8th Sunday year A, 2017. A realhomilie from Fr Kevin Walsh, Sydney, Australia. Trust in God; put your worries in the worry box!


                                      Trust in God…put your worries in the worry box!

One of the biggest Industries not only here in Australia, but throughout the world, is Advertising! There is only one Television station here in Australia which does not advertise products, all of the others do! I find it very irritating when I am watching a good Movie on Free to Air Television and it is punctuated frequently by a string of Adverts’. But, I must confess, that some Adverts catch my eye, and of course that is the point of it all…….deep down, and even closer to the surface in our lives, we can easily get enticed by something to buy which is knew and attractive and has that ‘Wow’ factor which is the catch! We seem to be affirmed by the purchasing of ‘things’… the light of the Gospel, that does not mean that we are living life to the fullest!

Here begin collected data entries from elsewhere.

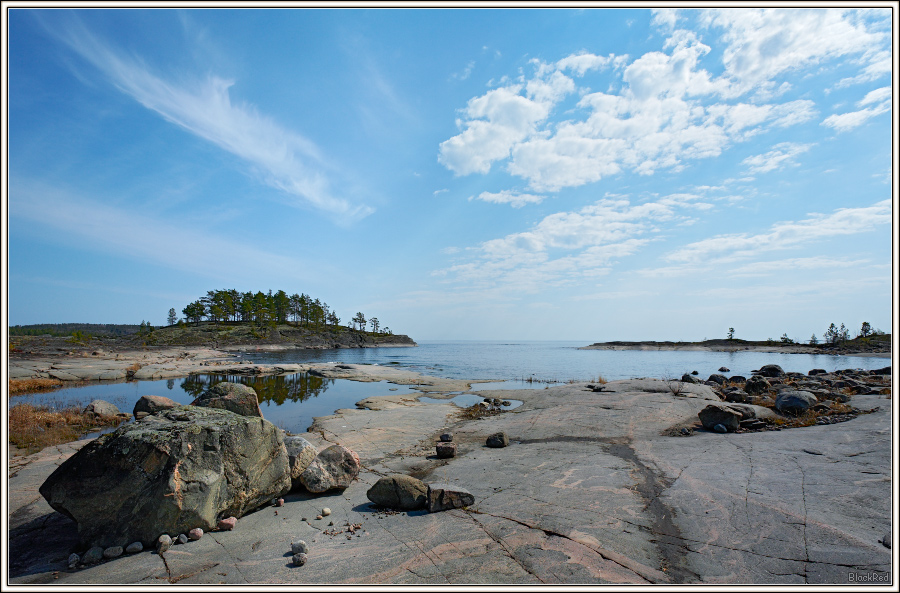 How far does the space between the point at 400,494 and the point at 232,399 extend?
6091 mm

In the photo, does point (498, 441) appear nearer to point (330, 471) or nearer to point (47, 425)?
point (330, 471)

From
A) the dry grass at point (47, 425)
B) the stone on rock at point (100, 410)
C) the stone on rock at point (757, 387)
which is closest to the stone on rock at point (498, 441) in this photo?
the dry grass at point (47, 425)

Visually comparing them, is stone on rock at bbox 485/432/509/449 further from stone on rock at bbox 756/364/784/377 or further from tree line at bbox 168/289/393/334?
tree line at bbox 168/289/393/334

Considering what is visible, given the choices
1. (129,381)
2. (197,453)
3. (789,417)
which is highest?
(197,453)

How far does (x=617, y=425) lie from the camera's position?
15.7 meters

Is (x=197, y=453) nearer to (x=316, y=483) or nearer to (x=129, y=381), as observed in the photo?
(x=316, y=483)

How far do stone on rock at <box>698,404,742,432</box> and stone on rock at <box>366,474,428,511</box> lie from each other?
1221 centimetres

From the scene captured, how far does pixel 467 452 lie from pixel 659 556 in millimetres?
7965

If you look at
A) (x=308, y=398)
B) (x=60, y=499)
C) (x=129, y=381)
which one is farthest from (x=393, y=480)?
(x=129, y=381)

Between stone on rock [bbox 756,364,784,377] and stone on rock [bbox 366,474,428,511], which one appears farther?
stone on rock [bbox 756,364,784,377]

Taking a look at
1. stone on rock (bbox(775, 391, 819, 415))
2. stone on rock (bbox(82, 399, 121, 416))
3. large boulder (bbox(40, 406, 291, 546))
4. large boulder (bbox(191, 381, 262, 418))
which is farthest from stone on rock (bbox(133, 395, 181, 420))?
stone on rock (bbox(775, 391, 819, 415))

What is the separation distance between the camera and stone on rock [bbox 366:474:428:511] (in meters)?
7.79

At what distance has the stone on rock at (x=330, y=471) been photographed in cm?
883

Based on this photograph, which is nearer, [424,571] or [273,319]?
[424,571] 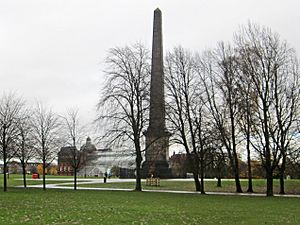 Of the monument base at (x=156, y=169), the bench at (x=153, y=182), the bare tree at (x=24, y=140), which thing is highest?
the bare tree at (x=24, y=140)

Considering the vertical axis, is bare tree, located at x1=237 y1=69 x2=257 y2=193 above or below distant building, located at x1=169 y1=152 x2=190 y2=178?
above

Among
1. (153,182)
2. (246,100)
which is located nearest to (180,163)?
(153,182)

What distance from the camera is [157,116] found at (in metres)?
34.2

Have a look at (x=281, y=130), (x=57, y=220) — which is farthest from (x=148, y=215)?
(x=281, y=130)

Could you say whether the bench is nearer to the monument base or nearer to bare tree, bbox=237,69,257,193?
the monument base

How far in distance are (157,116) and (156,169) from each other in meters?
18.4

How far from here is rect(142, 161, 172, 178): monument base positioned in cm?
5097

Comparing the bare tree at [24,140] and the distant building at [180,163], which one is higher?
the bare tree at [24,140]

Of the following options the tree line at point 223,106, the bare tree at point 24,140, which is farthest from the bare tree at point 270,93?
the bare tree at point 24,140

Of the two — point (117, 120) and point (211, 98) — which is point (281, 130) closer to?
point (211, 98)

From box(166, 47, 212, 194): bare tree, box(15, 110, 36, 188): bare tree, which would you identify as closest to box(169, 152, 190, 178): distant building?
box(166, 47, 212, 194): bare tree

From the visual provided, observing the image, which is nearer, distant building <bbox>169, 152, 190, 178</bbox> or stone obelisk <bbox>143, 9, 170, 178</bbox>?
stone obelisk <bbox>143, 9, 170, 178</bbox>

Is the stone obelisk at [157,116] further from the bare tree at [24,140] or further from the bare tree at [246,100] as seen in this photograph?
Answer: the bare tree at [24,140]

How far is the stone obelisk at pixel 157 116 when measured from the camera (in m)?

Let’s dig a little deeper into this whole concept of desiring more in our life….especially ‘things’! It seems that within our human nature there is an innate desire to accumulate more possessions, clothes, electrical audio visual equipment, cars, home pools and houses. The advertising Industry by its very nature, plays on all our desires, so that it triggers a ‘thrilling prospect’ of a purchase, and it makes money. The Industry knows full well, that our purchase of a new curved screen Television set will be superseded in a couple of years by another development in the product, and we will want it as well; and so the endless cycle continues. Where does the excitement in all of this lie? It seems that the deepest excitement is in the prospect of buying this or that before we get it! Then if it is a brand new 4 X wheel drive SUV, after a week or so, we probably get attracted to newer models on the market. In all of this, the satisfaction factor is finite! Well, what feeling or possession has an infinite satisfaction ingredient? The answer is found in the first Reading from The Prophet Isaiah today……Chapter 49:14-15.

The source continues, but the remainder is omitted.